Making creative barplots with ggpubr
Barplots are highly versatile and can be used to show comparisons, proportions, distributions, and trends among many other things.
Creating visually appealing barplots is critical in communicating data findings effectively. The ggplot2
package provides an excellent platform for making barplot, and luckily, there are a few other packages that come with exquisite recipes for people who are set to explore newer tastes all the time. In this blogpost, we will try the ggpubr
package that delivers both aesthetics and functionality in creating barplots. The feature I like the most in ggpubr is the ease in making ordered barplots by groups.
Let’s first create a fictitious dataset on state-wise population in India:
# states in India
states <- c("Andhra Pradesh", "Arunachal Pradesh", "Assam", "Bihar", "Chhattisgarh",
"Goa", "Gujarat", "Haryana", "Himachal Pradesh", "Jharkhand",
"Karnataka", "Kerala", "Madhya Pradesh", "Maharashtra", "Manipur",
"Meghalaya", "Mizoram", "Nagaland", "Odisha", "Punjab", "Rajasthan",
"Sikkim", "Tamil Nadu", "Telangana", "Tripura", "Uttar Pradesh",
"Uttarakhand", "West Bengal")
# population of each state
population <- c(53903393, 1229964, 35607039, 119461013, 29436231, 1540000,
63872399, 28204692, 7560770, 38593948, 67562686, 35699443,
85358965, 123144223, 3091545, 3366710, 1239244, 2249695,
46356334, 30141373, 81032689, 690251, 77841267, 39362732,
4169794, 237882725, 11082791, 91276115)
# ecological zone of each state
climate <- sample(c("Mountains", "Wetlands", "Plainland"), size = length(states), replace = T)
# combine the 3 columns into a single dataframe
india <- data.frame(states, population, climate)

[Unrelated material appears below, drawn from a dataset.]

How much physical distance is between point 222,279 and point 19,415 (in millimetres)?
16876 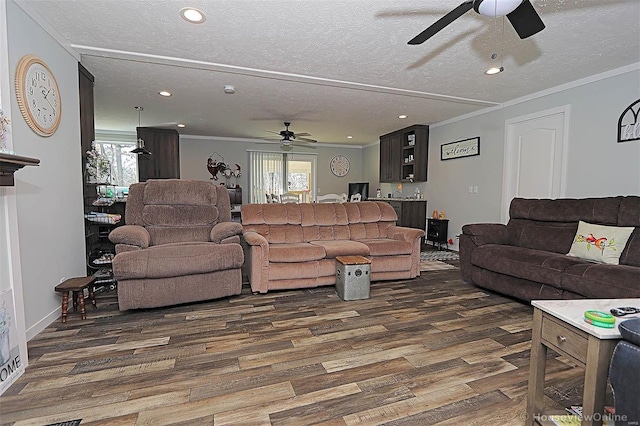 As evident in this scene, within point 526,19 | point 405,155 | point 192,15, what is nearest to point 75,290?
point 192,15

And here is the head of the df:
head(india)
states population climate
1 Andhra Pradesh 53903393 Plainland
2 Arunachal Pradesh 1229964 Mountains
3 Assam 35607039 Mountains
4 Bihar 119461013 Wetlands
5 Chhattisgarh 29436231 Mountains
6 Goa 1540000 Wetlands
Let’s now make an ordered bar chart for population by states within the three ecological regions:
india %>% ggbarplot( x = "states", y = "population",
fill = "climate",
color = "white",
palette = "jco",
sort.val = "asc",
sort.by.groups = TRUE,
x.text.angle = 60,
ylab = "Population",
xlab = F,
)
# Where:
x = "states": The x-axis of the plot shows the states in India.

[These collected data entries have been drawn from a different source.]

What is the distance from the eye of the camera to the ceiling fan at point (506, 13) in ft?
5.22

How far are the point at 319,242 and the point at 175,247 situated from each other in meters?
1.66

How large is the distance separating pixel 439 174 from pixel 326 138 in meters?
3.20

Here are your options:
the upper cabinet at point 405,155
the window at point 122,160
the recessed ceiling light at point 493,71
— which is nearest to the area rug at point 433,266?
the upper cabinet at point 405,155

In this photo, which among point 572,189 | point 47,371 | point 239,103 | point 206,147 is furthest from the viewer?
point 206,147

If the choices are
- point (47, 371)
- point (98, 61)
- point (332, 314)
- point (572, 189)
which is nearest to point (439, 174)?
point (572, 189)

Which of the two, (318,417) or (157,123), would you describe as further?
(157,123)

y = "population": The y-axis of the plot shows the population of each state.
fill = "climate": The bars are filled with colors corresponding to the climate of each state.
color = "white": The borders of the bars are white.

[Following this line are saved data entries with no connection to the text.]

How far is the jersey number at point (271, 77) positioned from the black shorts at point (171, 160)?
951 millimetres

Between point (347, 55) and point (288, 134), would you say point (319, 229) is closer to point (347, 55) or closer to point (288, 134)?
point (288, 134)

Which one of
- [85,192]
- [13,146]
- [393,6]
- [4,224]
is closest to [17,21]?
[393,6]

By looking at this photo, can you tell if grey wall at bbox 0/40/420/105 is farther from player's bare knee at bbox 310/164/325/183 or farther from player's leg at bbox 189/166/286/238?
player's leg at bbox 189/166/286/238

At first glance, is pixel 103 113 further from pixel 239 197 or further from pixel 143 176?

palette = "jco": The colors used for the fill of the bars are chosen from the "jco" color palette.
sort.val = "asc": The bars are sorted in ascending order based on their height.
sort.by.groups = TRUE: The bars are sorted within each climate group.
x.text.angle = 60: The text on the x-axis is tilted at a 60-degree angle.
ylab = "Population": The y-axis label is "Population".
xlab = F: The x-axis label is removed.
Our next goal is to make a barplot for states with populations above and below the mean. To do that, we need an extra step to create a dummy variable for the mean population.
india <- india %>%
mutate(population_z = (population - mean(population)) / sd(population),
pop_grp = factor(ifelse(population_z < 0, "low", "high"),
levels = c("low", "high")))
The output:
And here is the code:
ggbarplot(india, x = "states", y = "population_z",
fill = "pop_grp",
color = "white",
palette = "jco",
sort.val = "asc",
sort.by.groups = F,
x.text.angle = 90,
ylab = "Population z-score",
xlab = FALSE,
legend.title = "Population Group"
)
We can additionally try rotating the axes by specifying rotate= TRUE
ggbarplot(india, x = "states", y = "population_z",
fill = "pop_grp",
color = "white",
palette = "jco",
sort.val = "asc",
sort.by.groups = F,
x.text.angle = 90,
ylab = "Population z-score",
xlab = F,
legend.title = "Population Group",
rotate = T
)
Time for some dessert: Lollipop charts
ggdotchart(india, x = "states", y = "population",
color = "climate",
palette = c("#00AFBB", "#E7B800", "#FC4E07"),
sorting = "ascending",
add = "segments",
ggtheme = theme_pubr()
)
Lastly, we will make the chart more informative by ordering the lollipops within the ecological zones and increasing the size of the circles to show the values inside.
ggdotchart(india, x = "states", y = "population_z",
color = "climate",
palette = c("#00AFBB", "#E7B800", "#FC4E07"),
sorting = "descending",
add = "segments",
add.params = list(color = "lightgray", size = 2),
group = "climate",
dot.size = 6,
label = round(india$population_z,1),
font.label = list(color = "white", size = 9,
vjust = 0.5), ggtheme = theme_pubr()
) + geom_hline(yintercept = 0, linetype = 2, color = "lightgray")
Happy plotting!